VAGPO: Vision-augmented Asymmetric Group Preference Optimization for Graph Routing Problems
Shiyan Liu, Bohan Tan, Zhiguang Cao, Yan Jin
TL;DR
This work targets efficient graph routing for $TSP$ and $CVRP$ by introducing VAGPO, a vision-augmented Transformer framework that fuses image-based spatial representations with sequential decision modeling. A CNN-based vision encoder (ResNet-18) processes image-like problem instances, while a cross-modal Transformer encoder integrates visual features with sequential cues, feeding an autoregressive decoder to construct tours or routes.
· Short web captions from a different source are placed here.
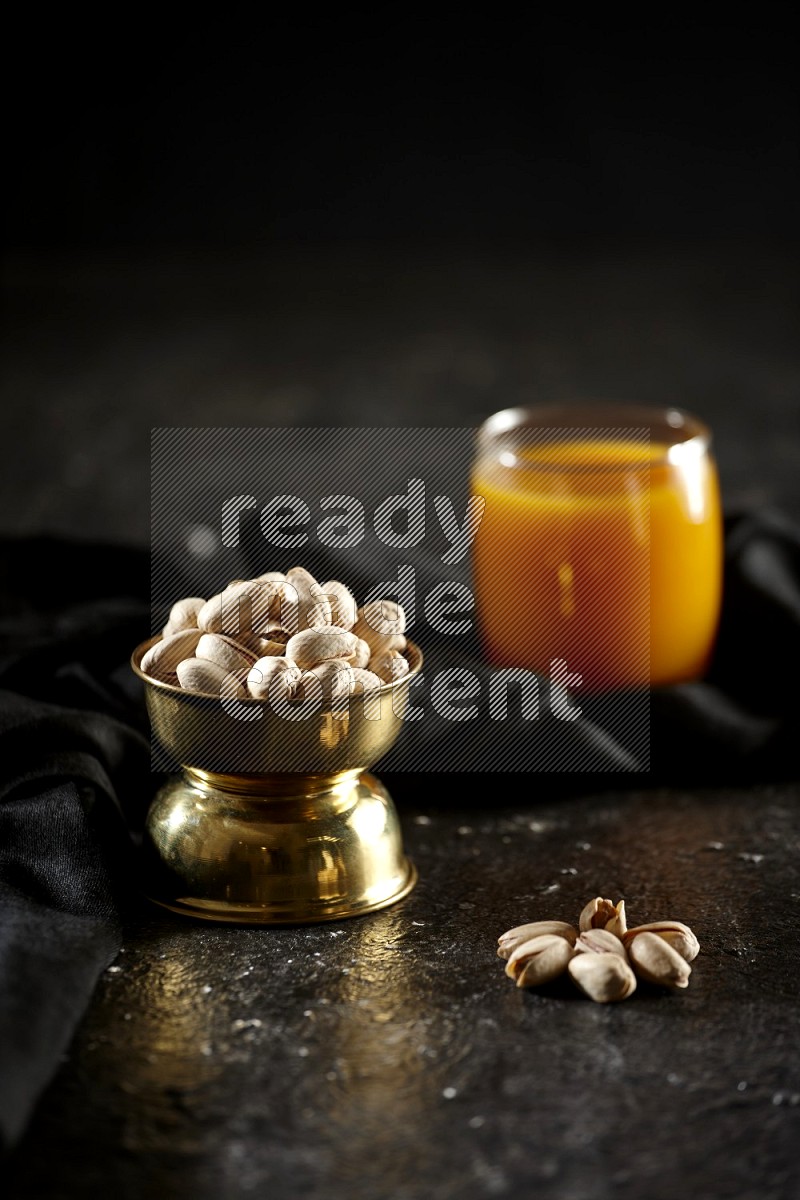 Nuts in a metal bowl with qamar eldin and a napkin in a dark setup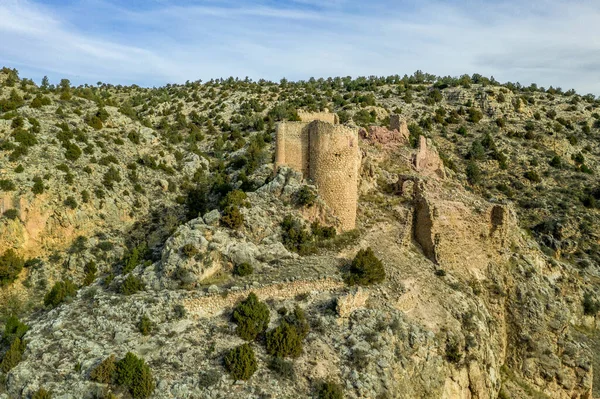 Aerial view of Santa Croche (Saint Cross) medieval castle ruin on the road to Albarracin Spain on a steep crag with a semi circular donjon and partially ruined embrasure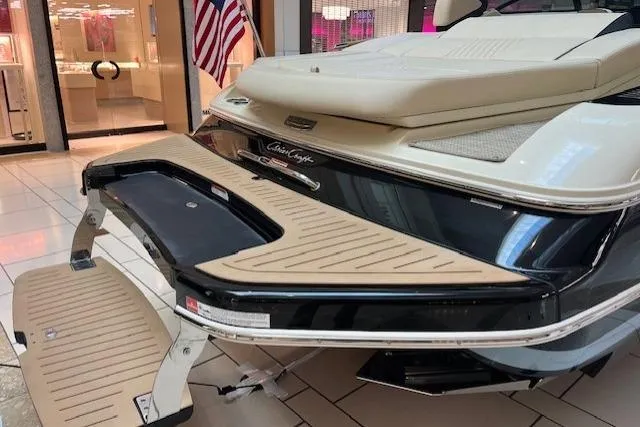Slide: The Image of 2026 Chris-Craft Sportster 25 boat displayed indoors with American flag in background. - 3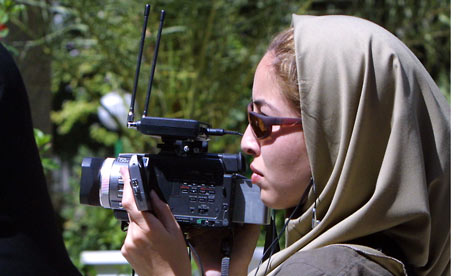 Jailed US-Iranian journalist Roxana Saberi taking footage in Tehran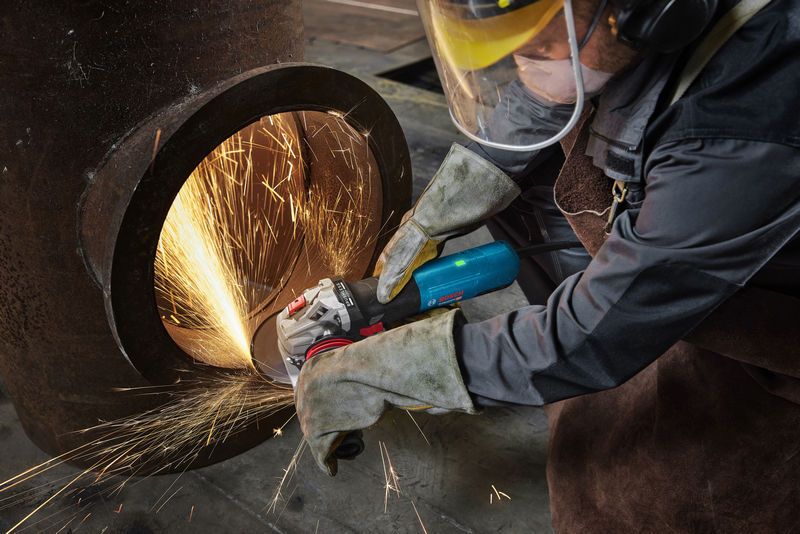 一名佩戴安全设备的人正在研磨一根大金属管，产生明亮的火花。.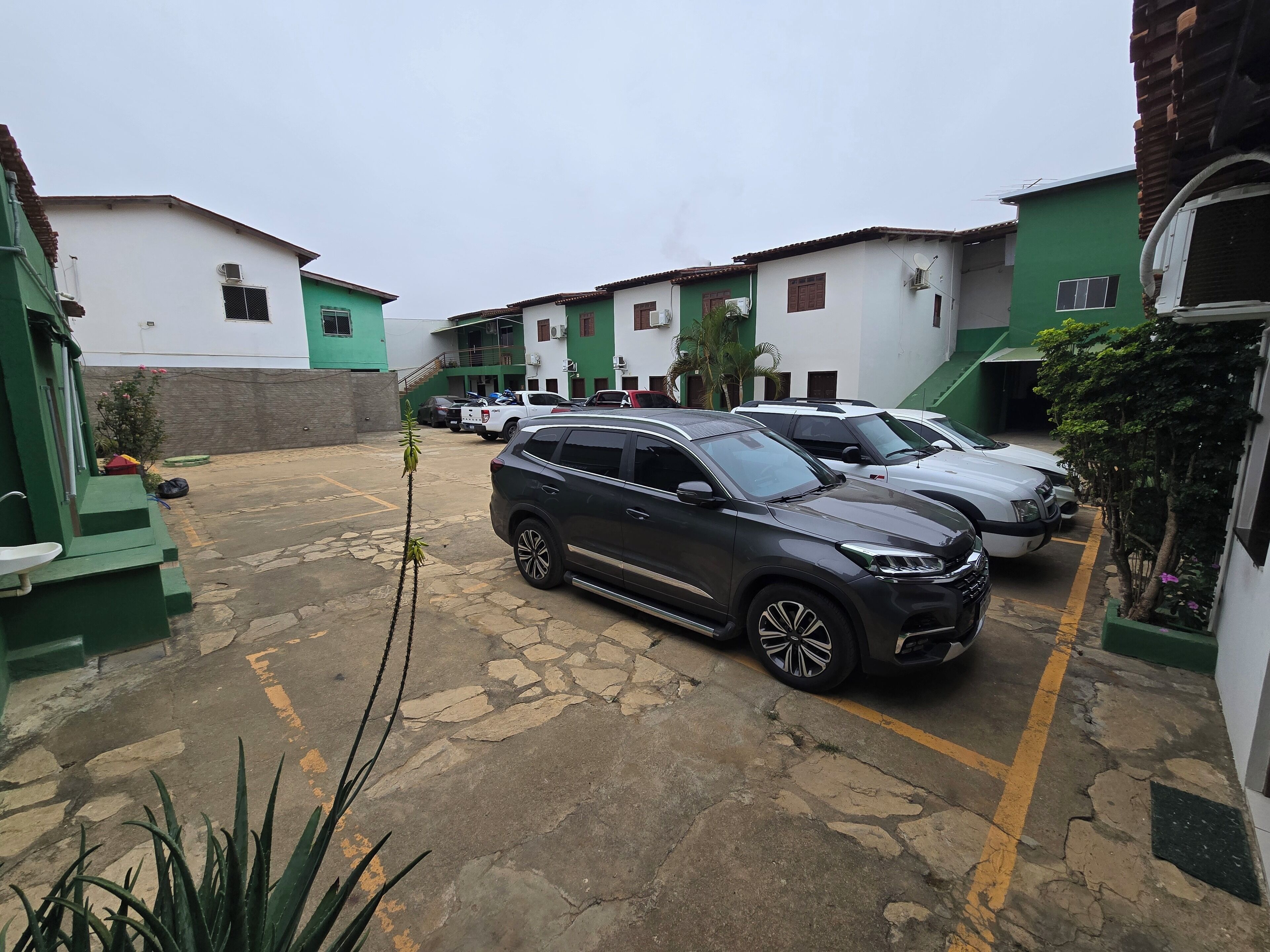 Uma área de estacionamento com vários carros, edifícios verdes e brancos e um chão pavimentado em pedra.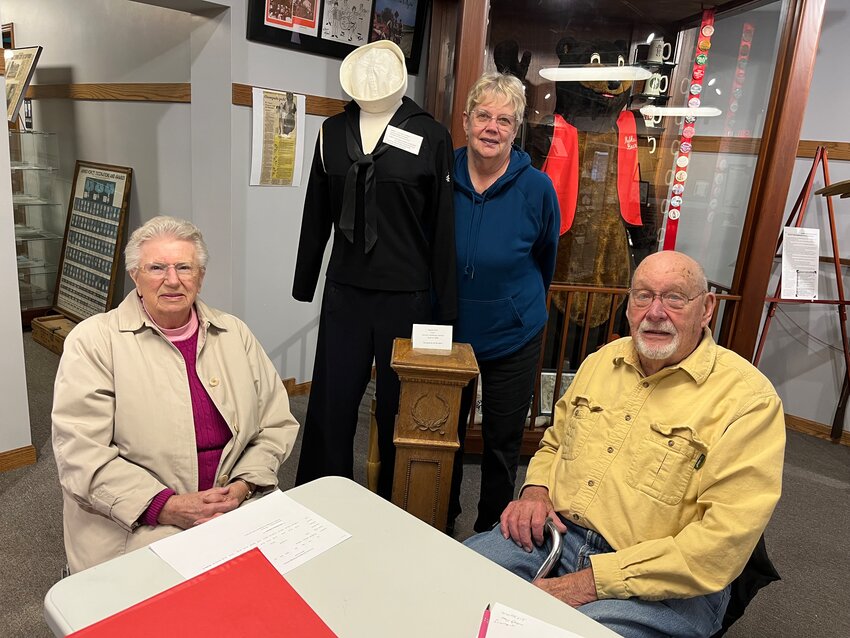 Members of the Tri-County Heritage &amp; Genealogy Museum board show some of the new items they attracted last year including a WWII Sailor uniform and a newel post taken from the former Durant High School. From left are board members Erna Cielecki, Mary Erickson and Dale Thede. Other board members include Annette Richardson, Brad Mumm and Dawn Smith.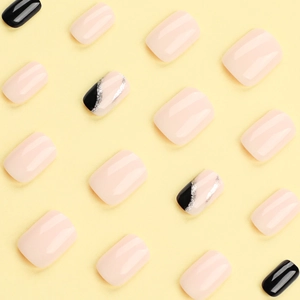 Short square press-on nail kit featuring nude pink, black, and silver glitter art designs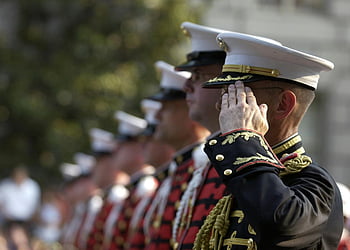 men in uniform, military parade, black and yellow suits, standing in line, daytime event, ceremonial uniform, saluting soldiers, formal military attire, outdoor ceremony, uniformed men, parade formation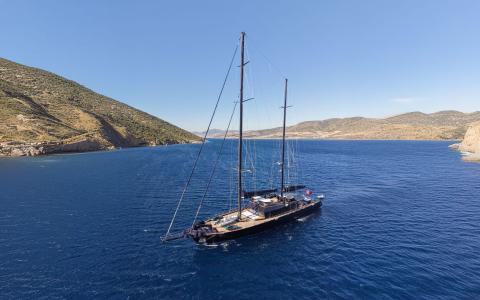 A sleek two-masted sailing yacht gliding in calm blue waters near rocky coastline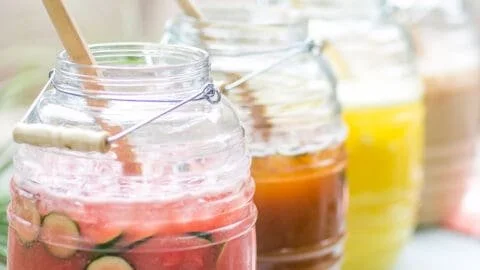 Four colorful agua fresca drinks served in glasses on a table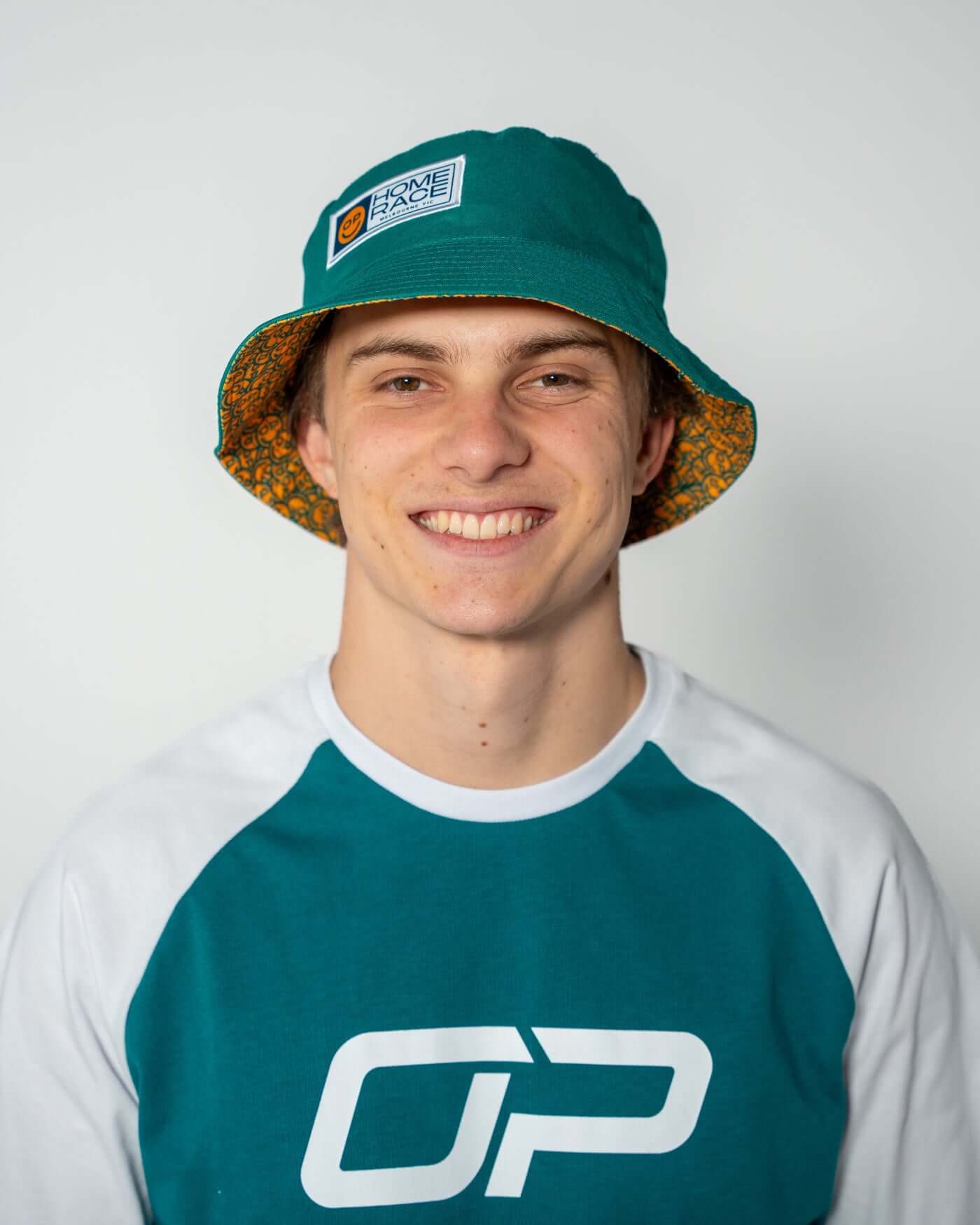 Oscar Piastri wearing the Home Race '26 Bucket Hat in Aussie green and gold, perfect for summer.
Training is enhanced by Asymmetric Group Preference Optimization (AGPO), which leverages grouped trajectory preferences and asymmetric weighting to improve stability and sample efficiency relative to policy-gradient baselines. Results on generated and real-world datasets show VAGPO achieves competitive or superior solution quality with significantly fewer training epochs and robust generalization up to $N=1000$ nodes, indicating strong potential for scalable, data-driven graph routing in networks.
Abstract
Graph routing problems play a vital role in web-related networks, where finding optimal paths across graphs is essential for efficient data transmission and content delivery. Classic routing formulations such as the Traveling Salesman Problem (TSP) and the Capacitated Vehicle Routing Problem (CVRP) represent fundamental graph optimization challenges. Recent data-driven optimization methods have made significant progress, yet they often face limitations in training efficiency and generalization to large-scale instances. In this paper, we propose a novel Vision-augmented Asymmetric Group Preference Optimization (VAGPO) approach. By leveraging ResNet-based visual encoding and Transformer-based sequential modeling, VAGPO captures both spatial structure and temporal dependencies. Furthermore, we introduce an asymmetric group preference optimization strategy that significantly accelerates convergence compared to commonly used policy gradient methods. Experimental results on generated TSP and CVRP instances, as well as real-world datasets, demonstrate that the proposed VAGPO approach achieves highly competitive solution quality. Additionally, VAGPO exhibits strong generalization to larger instances (up to 1000 nodes) without re-training, highlighting its effectiveness in both learning efficiency and scalability.